Suranne Jones and Rose Leslie Make Out, Solve Murders Together on “Vigil”

These recaps first appeared in our Boobs on Your Tube column, but have now moved to their own standalone post because Vigil’s available to stream on both sides of the pond! 

Like many, I’ve soured on the typical police procedural so the idea of adding another to my TV viewing schedule wasn’t appealing. But then I read that Vigil is a British police procedural which, unlike the American variety, feel less like police propaganda and more like thrillers (see also: Luther, Prime Suspect and The Fall). Plus, on top of that, there are lady gays… and not just any lady gays, mind you… Anne Lister and Maia Rindell.

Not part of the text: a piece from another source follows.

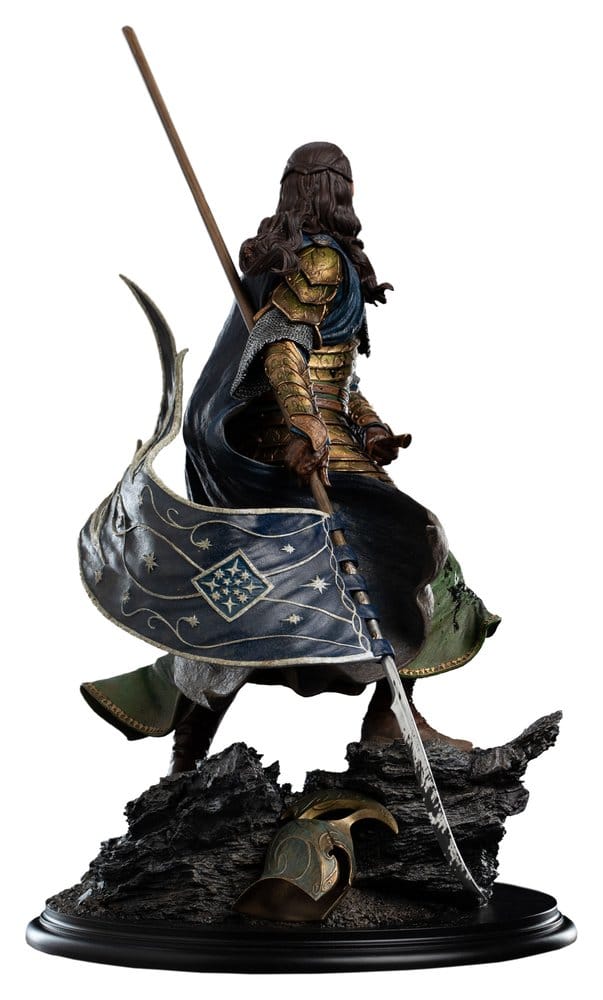 Figurine Elrond Héraut de Gil-Galad Weta 2026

Yeah, okay. I was sold. I binged the first four episodes of Vigil in one night.

Amy and Kirsten share a drunken kiss.

Vigil Episodes 101-104

Suranne Jones is DCI Amy Silva, one of the best investigators in the Scottish Police Service, who’s sent aboard a nuclear-powered ballistic missile submarine, the HMS Vigil, to investigate a sailor’s overdose. But what’s initially meant to be a three day trip — and, unbeknownst to Silva, an investigation in name only — turns into a multiweek stay filled with obstruction, intrigue, espionage and murders (yes, that’s murders, plural). Stymied by a crew unwilling to recognize her authority, Silva relies on her Detective Sargent, Kirsten Longacre (The Good Fight‘s Rose Leslie), to provide information from the parallel investigation she’s running from the shore.

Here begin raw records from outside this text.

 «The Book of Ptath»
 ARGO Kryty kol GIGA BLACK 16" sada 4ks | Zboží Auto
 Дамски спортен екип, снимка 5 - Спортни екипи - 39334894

Though Amy and Kirsten spend most of the season separated, their relationship — which, apparently, remains a secret from their colleagues — remains a fixture of the show. To sneak information past the Navy’s prying eyes, Kirsten sends details of her investigation to Amy aboard the Vigil using the shorthand that they’ve developed over the course of their relationship…her father’s favorite song, the book she read, as Amy cuddled against her in bed. Lonely and isolated on the Vigil, Amy thinks of Kirsten often, recalling how they met, when Kristen first impulsively kissed her and when Amy return that kiss, with intention. But that nostalgia masks the truth: Amy and Kirsten were on the verge of a break-up before Amy was dispatched to the Vigil…and the distance (and this murder) may be the only thing keeping them together.

Vigil Episode 105

A flashback of Kirsten and Amy relaxing together in a freestanding tub filled with bubbles.

Some years ago, Amy Silva was in an accident. Swerving to avoid a head-on collision, the car Amy was travelling in — with fiancé and his daughter, Poppy — plunged into murky water. Only able to save one of them, Amy pulls the daughter from her seat and ensures that they’re able to escape the water-logged sarcophagus. Her fiancé died that day (and his daughter stripped away from her soon after) and Amy’s been walking around, carrying that guilt and trauma ever since. So, sufficed to say, being aboard a nuclear submarine, leagues under the sea, is the last place that Amy Silva wants to be.

(Well, maybe the second to last place…I’ll get to that in a minute)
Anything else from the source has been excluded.